*What this task involves*. Lines before the one containing "Akademiks Jorts - W32" are to be left out; that line and all after it, through the end of the material below, are to be written out exactly.
[Records provided Boundary: Start]
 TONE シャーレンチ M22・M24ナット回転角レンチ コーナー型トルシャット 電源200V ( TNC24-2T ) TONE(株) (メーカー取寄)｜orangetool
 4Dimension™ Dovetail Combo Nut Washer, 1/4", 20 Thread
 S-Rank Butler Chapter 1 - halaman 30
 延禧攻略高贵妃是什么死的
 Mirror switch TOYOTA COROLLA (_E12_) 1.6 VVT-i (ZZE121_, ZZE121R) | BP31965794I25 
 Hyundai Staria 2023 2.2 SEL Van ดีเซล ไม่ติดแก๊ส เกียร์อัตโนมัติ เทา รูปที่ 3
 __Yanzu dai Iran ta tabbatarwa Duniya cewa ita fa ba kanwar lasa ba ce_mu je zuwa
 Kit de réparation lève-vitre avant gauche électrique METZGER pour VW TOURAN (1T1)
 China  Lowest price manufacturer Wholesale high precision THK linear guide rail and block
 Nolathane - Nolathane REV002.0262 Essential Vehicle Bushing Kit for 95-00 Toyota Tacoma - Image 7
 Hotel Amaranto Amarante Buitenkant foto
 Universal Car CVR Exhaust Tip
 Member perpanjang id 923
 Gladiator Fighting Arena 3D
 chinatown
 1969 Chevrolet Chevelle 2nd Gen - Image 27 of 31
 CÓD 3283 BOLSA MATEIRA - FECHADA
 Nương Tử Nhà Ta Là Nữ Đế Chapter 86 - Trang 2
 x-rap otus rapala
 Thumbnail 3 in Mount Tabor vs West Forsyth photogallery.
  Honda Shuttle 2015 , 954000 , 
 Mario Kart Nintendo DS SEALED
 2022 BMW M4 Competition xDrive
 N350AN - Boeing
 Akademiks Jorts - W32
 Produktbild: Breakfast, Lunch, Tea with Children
[Records provided Boundary: End]
*Response to the task*.
 Akademiks Jorts - W32
 Produktbild: Breakfast, Lunch, Tea with Children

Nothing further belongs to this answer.